His carvings have won many prizes, and are always superbly graceful and elegant, as well as authentic.
There are White, Yellow, and Blue Corn Maidens, in Hopi lore, all involved in facilitating, the growth, harvest, purity, and enjoyment of corn – the staff of life.
Like most of his work, this lovely kachina is a contemporary rendition, carved with great delicacy, grace and precision.
The simplicity of her stance, with head raised, and gracefully gathered blanket, is almost Asian in feel.
Her hand is carefully detailed, holding an exquisitely carved, realistic sprig of evergreens.
Her long hair is beautiful; carved and fading into a handsome, painted shape at the back. A fully carved eagle feather adorns her hair, on top.
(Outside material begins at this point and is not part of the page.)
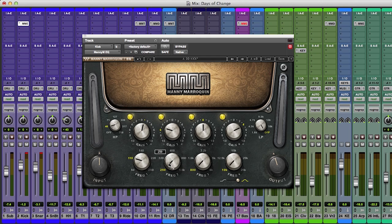I've got an example here written by my friend Yoni Leviathan called 'Days of Change.' He was nice enough to let us use it for an example. Let's listen to the chorus.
Her beard , and the white ropes dangling from her chin, represent rainfall, crucial to the growth of corn, without irrigation.
Moccasins peep out beneath the sweeping drape of the robe, where her form is suggested, as if inside the tightly wrapped blanket.
There is a wide band of green and black stripes, across her shoulders, with a fragile double line in white.
A broad band of “embroidered cloth” finishes her robe, with stepped, and vividly colored rain symbols.
The wood is as meticulously finished as the rest of the piece.
This figure may be smaller than some, but she is just as stately and elegant as Victor’s larger pieces,
She has been carved and painted with the same, meticulous beauty.